**WHAT THIS TASK INVOLVES**: Retype, word for word, each line between the lines holding "If you're a" and "And in this", inclusive, and leave the rest of the data alone.
───── RECORDS TO PROCESS ─────
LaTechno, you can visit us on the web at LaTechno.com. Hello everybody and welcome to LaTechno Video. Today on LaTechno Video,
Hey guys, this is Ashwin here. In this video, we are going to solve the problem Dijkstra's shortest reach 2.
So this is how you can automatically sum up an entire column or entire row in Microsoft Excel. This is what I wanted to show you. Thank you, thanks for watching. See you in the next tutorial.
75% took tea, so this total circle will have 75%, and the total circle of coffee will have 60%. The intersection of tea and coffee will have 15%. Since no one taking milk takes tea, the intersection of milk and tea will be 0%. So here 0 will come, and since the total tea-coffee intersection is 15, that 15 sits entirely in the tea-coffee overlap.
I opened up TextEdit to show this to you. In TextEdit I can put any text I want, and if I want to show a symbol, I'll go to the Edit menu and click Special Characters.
─────
───── RECORDS TO PROCESS ─────
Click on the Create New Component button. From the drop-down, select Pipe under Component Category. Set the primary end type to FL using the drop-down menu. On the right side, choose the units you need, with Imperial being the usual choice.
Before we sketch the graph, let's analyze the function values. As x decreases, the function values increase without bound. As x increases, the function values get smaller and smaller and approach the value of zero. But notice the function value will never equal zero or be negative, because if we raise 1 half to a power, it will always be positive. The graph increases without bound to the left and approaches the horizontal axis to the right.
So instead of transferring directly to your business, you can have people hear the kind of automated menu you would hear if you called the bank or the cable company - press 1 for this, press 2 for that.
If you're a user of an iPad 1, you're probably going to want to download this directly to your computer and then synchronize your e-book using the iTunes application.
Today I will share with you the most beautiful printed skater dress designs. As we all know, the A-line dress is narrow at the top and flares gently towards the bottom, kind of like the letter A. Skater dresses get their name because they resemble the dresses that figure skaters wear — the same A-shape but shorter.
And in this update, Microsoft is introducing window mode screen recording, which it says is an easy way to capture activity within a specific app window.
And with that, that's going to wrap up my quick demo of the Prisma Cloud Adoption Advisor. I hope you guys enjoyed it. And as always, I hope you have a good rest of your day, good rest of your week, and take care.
─────
**PROBLEM SOLUTION**:
If you're a user of an iPad 1, you're probably going to want to download this directly to your computer and then synchronize your e-book using the iTunes application.
Today I will share with you the most beautiful printed skater dress designs. As we all know, the A-line dress is narrow at the top and flares gently towards the bottom, kind of like the letter A. Skater dresses get their name because they resemble the dresses that figure skaters wear — the same A-shape but shorter.
And in this update, Microsoft is introducing window mode screen recording, which it says is an easy way to capture activity within a specific app window.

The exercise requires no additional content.